HOW TO COMPLETE THIS TASK
For this task, extract exactly the lines of the data below, from the line containing "Used 2023 Chevrolet Equinox RS FWD image 24" through the last one, with pictures left out.

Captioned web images
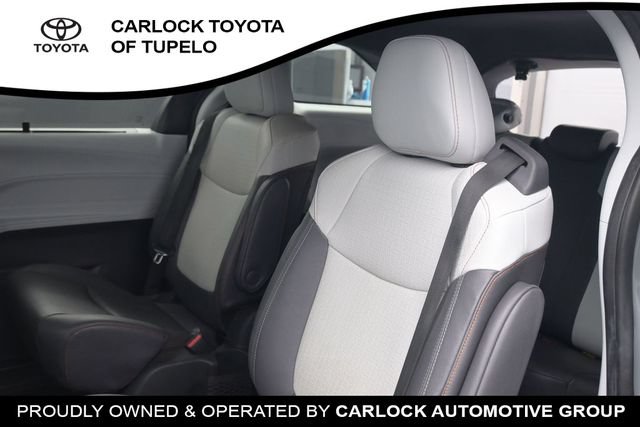 Used 2024 Toyota Sienna XSE FWD image 20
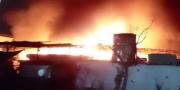 Lapak Mebel di Batuceper Tangerang Terbakar Hebat, Diduga Gegara Karyawan Bakar Sampah 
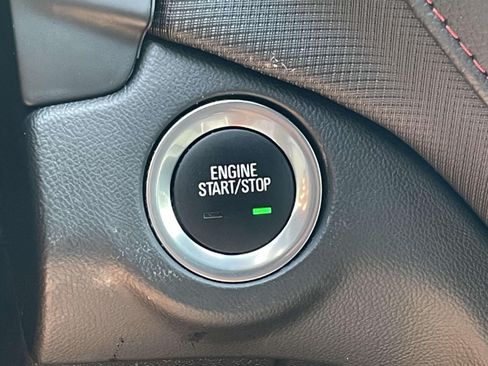 Used 2023 Chevrolet Equinox RS FWD image 24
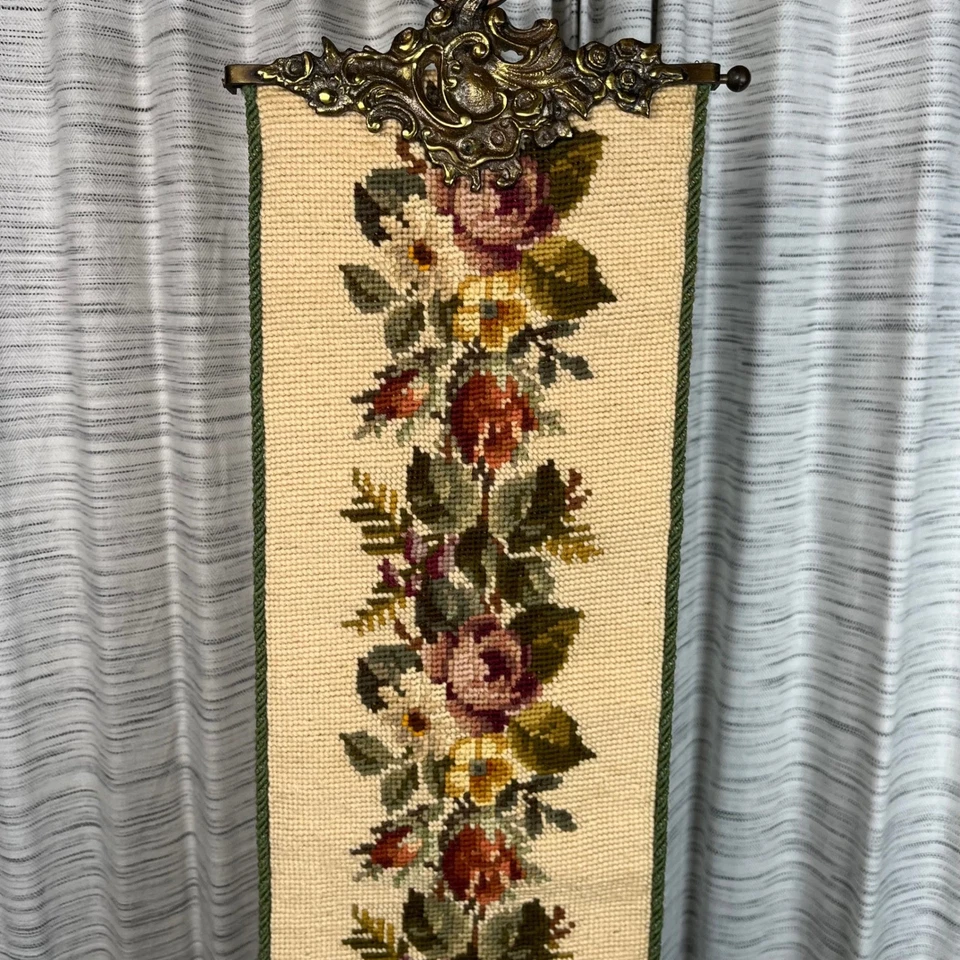 Tapiz de pared vintage con punta de aguja y campana de latón floral hecho a mano 53"x7" Foto 3 de 4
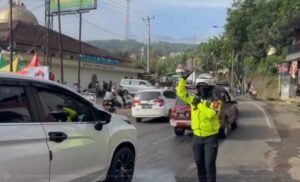 Arus Balik Mulai Padat, Sat Lantas Polres Garut Terapkan CB Pengurasan di Jalur Tasik–Bandung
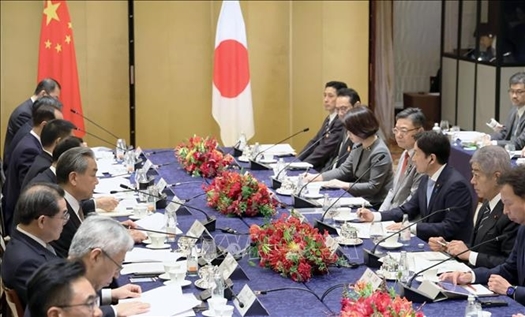 Không theo đường cũ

EXERCISE OUTPUT
 Used 2023 Chevrolet Equinox RS FWD image 24
 Tapiz de pared vintage con punta de aguja y campana de latón floral hecho a mano 53"x7" Foto 3 de 4
 Arus Balik Mulai Padat, Sat Lantas Polres Garut Terapkan CB Pengurasan di Jalur Tasik–Bandung
 Không theo đường cũ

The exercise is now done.